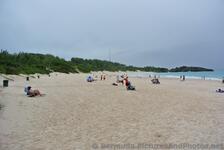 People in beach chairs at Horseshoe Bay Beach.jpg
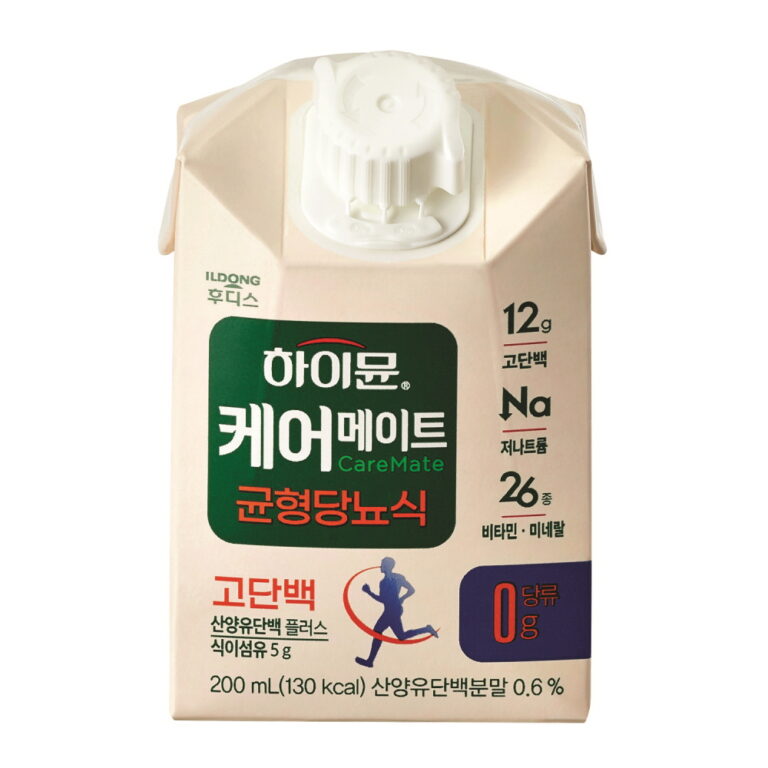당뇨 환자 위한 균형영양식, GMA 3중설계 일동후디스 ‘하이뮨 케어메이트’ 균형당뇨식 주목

————

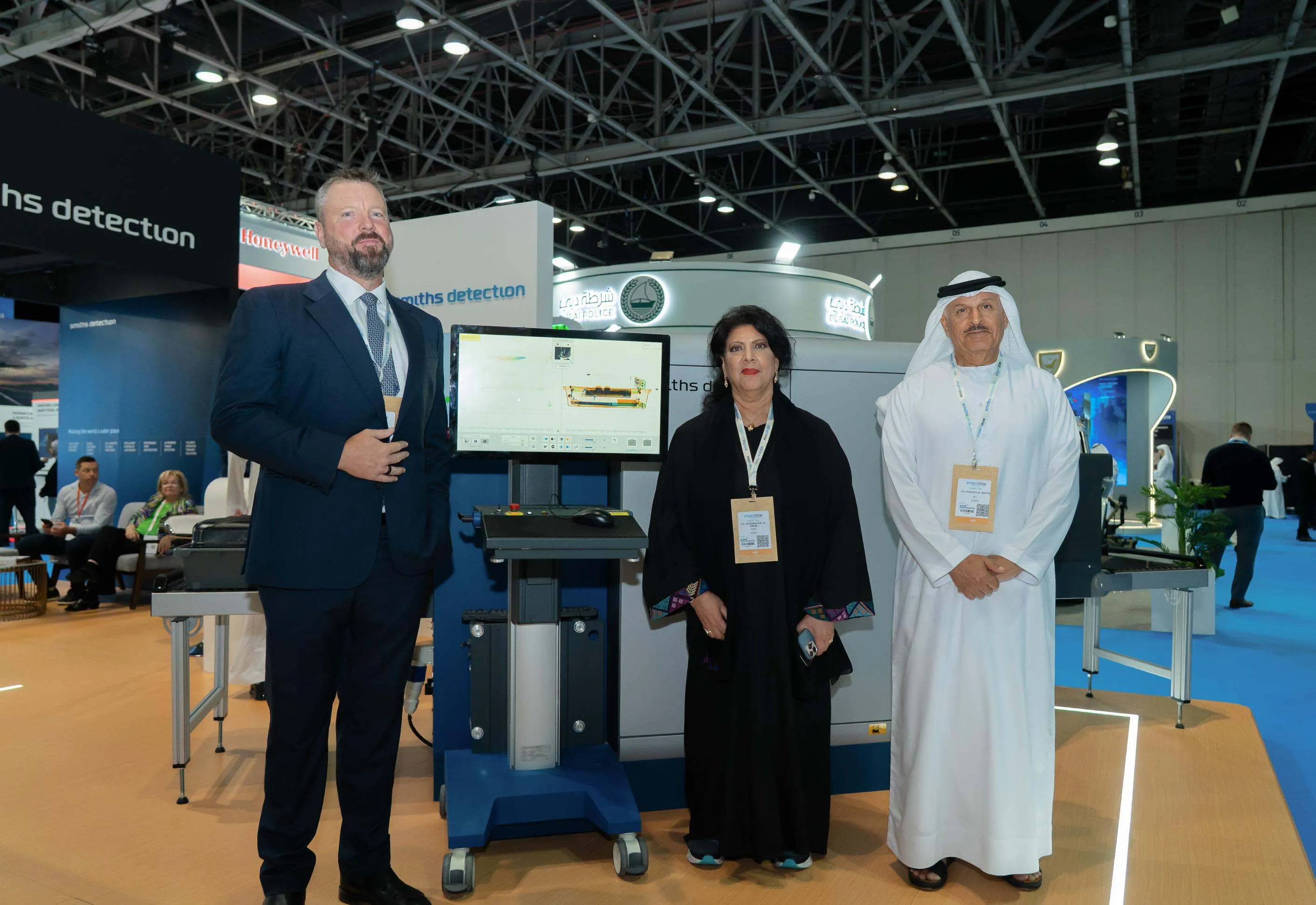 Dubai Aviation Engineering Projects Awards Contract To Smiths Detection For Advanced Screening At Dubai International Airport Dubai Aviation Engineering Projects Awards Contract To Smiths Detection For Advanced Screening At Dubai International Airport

————

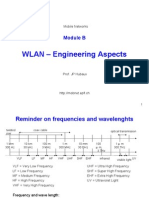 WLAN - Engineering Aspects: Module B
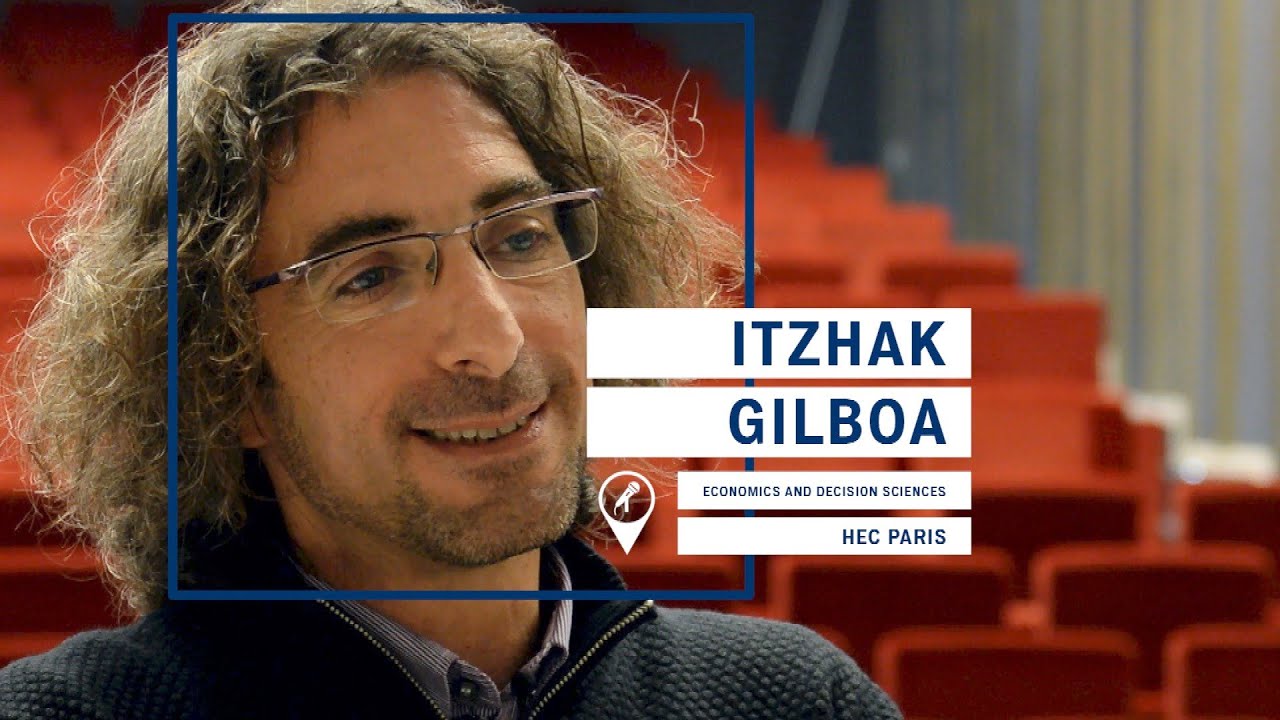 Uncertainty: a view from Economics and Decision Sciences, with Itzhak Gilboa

————

§ **Problem details**: In the listing above, find the line with "WLAN - Engineering Aspects: Module B" and the line with "Uncertainty: a view". Copy both of them and every line between, exactly, but not the pictures.

§ **Task output**:
 WLAN - Engineering Aspects: Module B
 Uncertainty: a view from Economics and Decision Sciences, with Itzhak Gilboa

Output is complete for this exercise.